WORK REQUEST:
Could you retype the whole listing word for word and drop the images?

DATA SEGMENT:
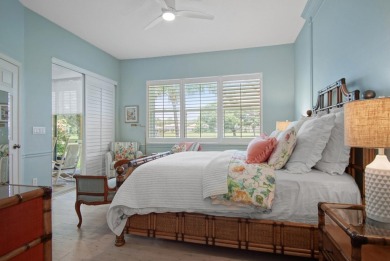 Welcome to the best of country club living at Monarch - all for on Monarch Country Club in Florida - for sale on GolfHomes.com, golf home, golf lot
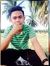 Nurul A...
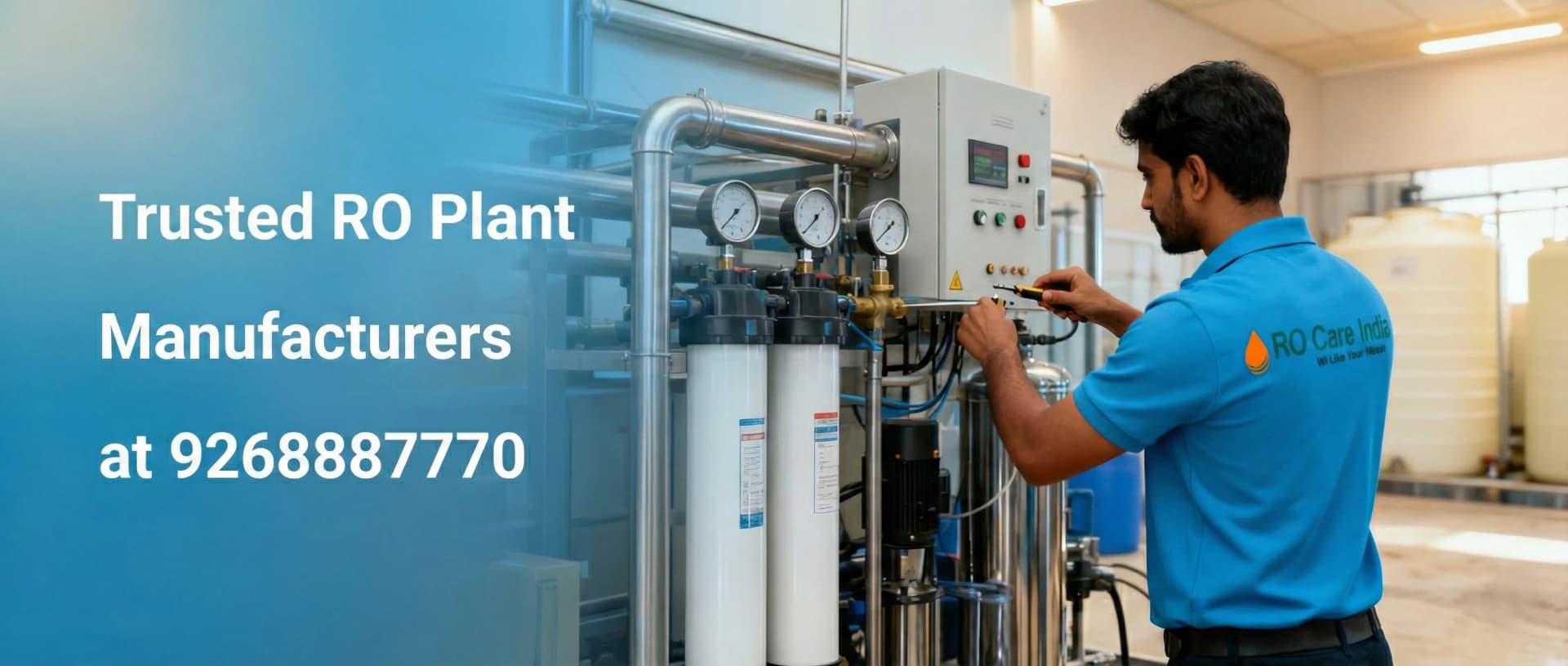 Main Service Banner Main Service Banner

SOLUTION TO THE EXERCISE:
 Welcome to the best of country club living at Monarch - all for on Monarch Country Club in Florida - for sale on GolfHomes.com, golf home, golf lot
 Nurul A...
 Main Service Banner Main Service Banner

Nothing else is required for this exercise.